#### [Task details]
Repeat, exactly and in full, the lines of the listing below, but without any pictures.

#### [Dataset excerpt]
====================
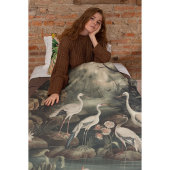 botanische scène witte kranen en bloemen fleece deken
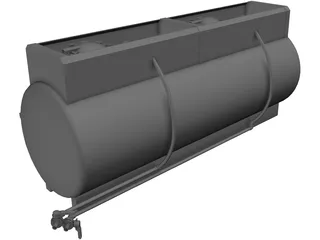 Truck Mount Fiberglass Chemical Tank 3D Model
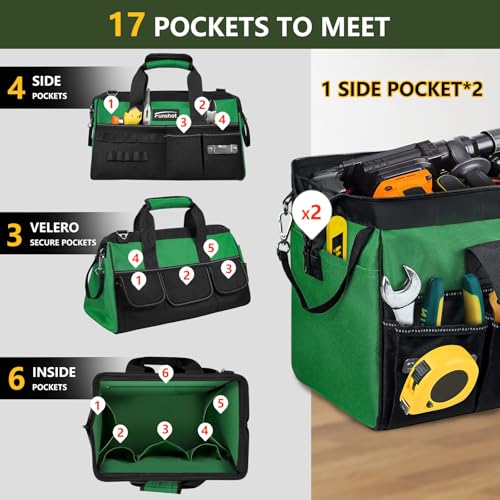 16 Inch Heavy Duty Tool Bag, Compact Tool Organizer with 17 Pockets, Wide Mouth Tool Tote with Adjustable Shoulder Strap, Portable Work Bag for Electricians, Mechanics, Contractors, DIY & Home Repair - size: 15.6"L x 8.3"W x 9.5"H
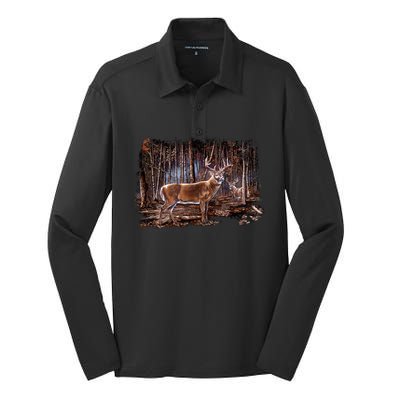 Deer Hunting Scene Silk Touch Performance Long Sleeve Polo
====================
#### [Task answer]
 botanische scène witte kranen en bloemen fleece deken
 Truck Mount Fiberglass Chemical Tank 3D Model
 16 Inch Heavy Duty Tool Bag, Compact Tool Organizer with 17 Pockets, Wide Mouth Tool Tote with Adjustable Shoulder Strap, Portable Work Bag for Electricians, Mechanics, Contractors, DIY & Home Repair - size: 15.6"L x 8.3"W x 9.5"H
 Deer Hunting Scene Silk Touch Performance Long Sleeve Polo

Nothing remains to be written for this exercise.